St. Anthony Hospital is a large general hospital located in downtown Oklahoma City, Oklahoma, United States. It is the oldest hospital in the state and one of 19 operated by SSM Health, a not-for-profit Roman Catholic care provider. St. Anthony Hospital is home to medical and surgical programs providing general acute care services including: cardiology, oncology, neurology, behavioral medicine, surgery, kidney transplantation and other services. An advanced structural heart disease program is offered at the affiliated Saints Heart and Vascular Institute.

== History ==
St. Anthony Hospital was founded in 1898 by the Sisters of St. Francis who, from their base in Maryville, Missouri, set out to fund their local hospital. When they arrived in Oklahoma City they approached the pastor of St. Joseph's Catholic Church to petition the congregation.

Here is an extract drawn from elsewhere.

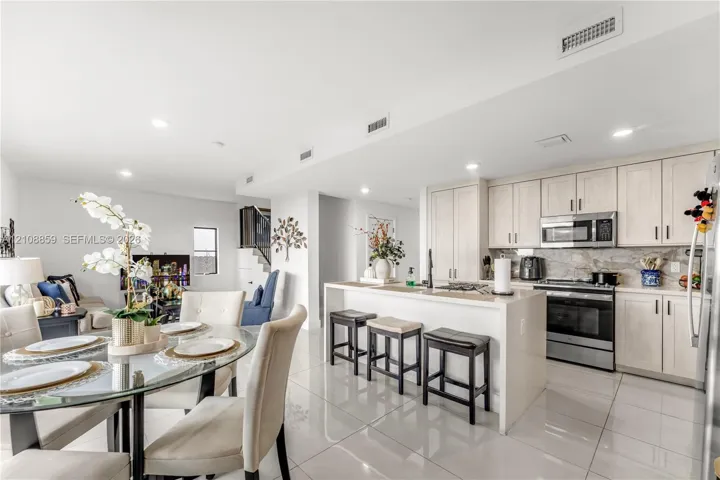 Open-concept kitchen featuring light-toned cabinetry, stainless steel appliances, a stone-finish backsplash, a central island with integrated seating, and high-gloss tile flooring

The Sisters were approved to raise funds with the condition that any money raised would go towards opening a hospital in Oklahoma City since the newly established and rapidly growing Oklahoma Territory did not have a hospital and its citizens were dying from lack of care. The Sisters agreed, and on August 1, 1898, they opened St. Anthony Hospital in a small house that had twelve beds.

In 1899, the Sisters moved St. Anthony Hospital to a larger facility with twenty-five patient rooms just outside city limits, where the hospital remains today.

== Redevelopment ==
St Anthony renewed its commitment to Midtown by announcing a 10-year, $220 million expansion and renovation. The redevelopment project includes a new education center, cardiac emergency department, renovation of the Center for Behavioral Medicine, and many other facility and service enhancements that benefit patients and the inner city community.

The Saints Pavilion, which represents one of the pivotal milestones of the renewed campus and commitment to Midtown, was completed in 2003. The final phase of the project is scheduled to open in 2016.